De vez em quando, na vida de repórter, você dá de cara com alguém abusado, daqueles que gostam de perguntar "sabe com quem está falando?" ou se acham com o direito de meter o bedelho em assuntos fora de seu domínio. Encarei vários assim, mas em nome da boa relação tive que engolir "sapos".

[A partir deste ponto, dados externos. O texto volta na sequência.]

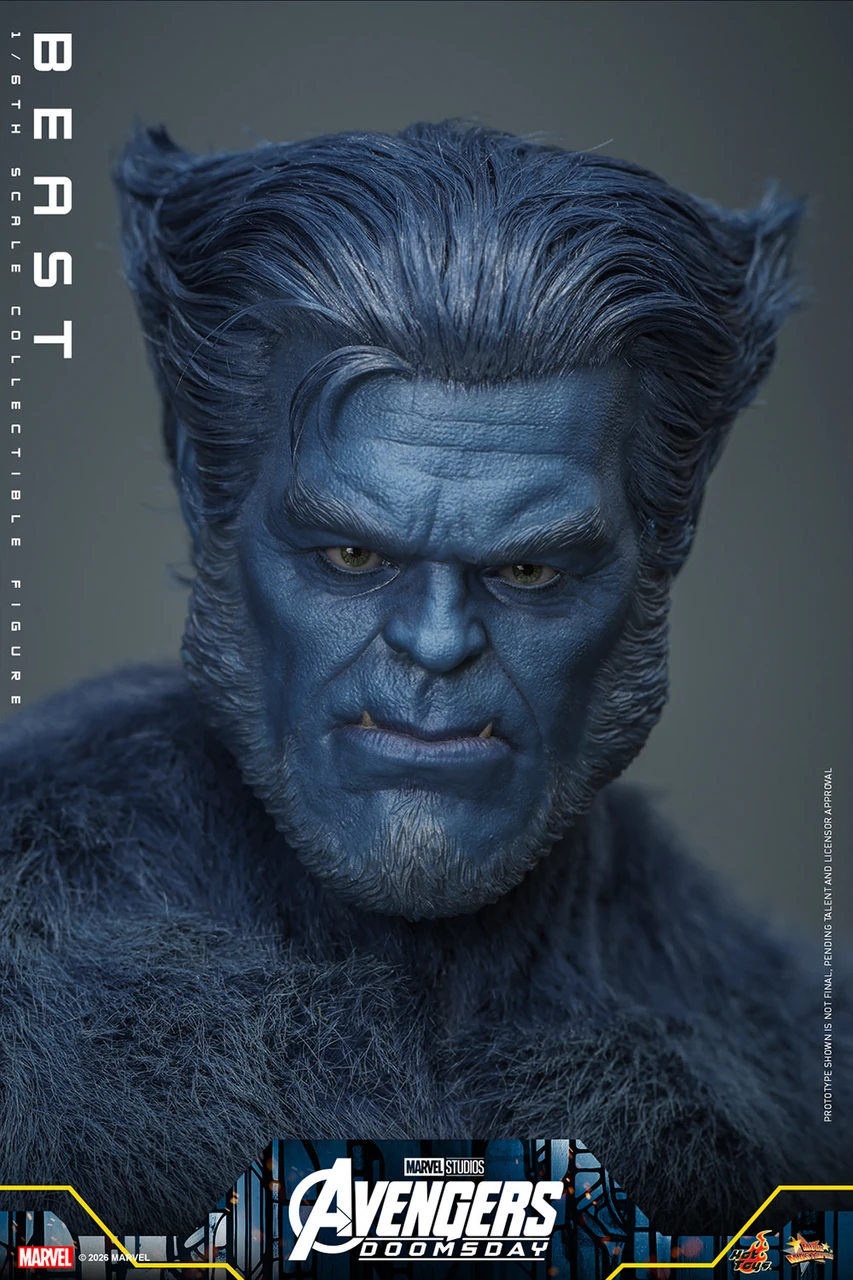 Hot Toys 1/6 Avengers: Doomsday "Beast" Action Figure MMS920 915773 4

Ainda no Jornal do Norte, já não tão foca, tive esse tipo de experiência com Nelson Ned, aquele cantor nanico que, para recuperar sua carreira decadente, virou evangélico e passou a renegar o passado de luxúria. Só se esqueceu de que arrogância também é pecado. Fui escalado para cobrir duas apresentações naquela noite de 1996, e uma delas era a desse cidadão. No entanto, comecei pelo outro show, programado para iniciar mais cedo. Acontece que demorou demais e, quando nossa equipe chegou ao Nostalgia Clube, no bairro Cachoeirinha, zona sul de Manaus, local de apresentação de Nelson Ned, ele já estava terminando seu falatório. O jeito era esperar. Quando acabou tudo e ele saiu do palco, fomos ao seu camarim para conversar. Cumprimentei-o educadamente. O objetivo da matéria, expliquei, era mostrar como o novo modo de vida havia modificado o cantor. Ele simplesmente, do seu metro e parcos centímetros de altura, somente me olhou e disse:
- Não vou falar nada. Contei tudo em minha apresentação.
Tentei argumentar, pedi desculpas pelo atraso por causa da pauta anterior, mas não teve jeito. Aquele boneco de ventríloquo afirmou que não iria repetir tudo e ponto final. Tive vontade de mandá-lo pegar toda aquela arrogância e socar naquele lugar onde o sol não bate, mas suspirei, chamei o fotógrafo e demos meia volta. Gastar meu verbo com esse tipo de gente? Não, obrigado. E o desgraçado ainda falou (eu não ouvi. O Rodrigo Pacheco Araújo, que acompanhou nossa equipe naquela noite, ouviu e me contou depois), quando cruzamos a porta do camarim:
- Que cara folgado!
Essa atitude arrogante mereceu uma nota de escracho na edição seguinte do jornal. Por onde anda esse sujeito hoje, não sei nem quero saber. Já não era grande coisa, sem trocadilhos, talvez agora não seja nada.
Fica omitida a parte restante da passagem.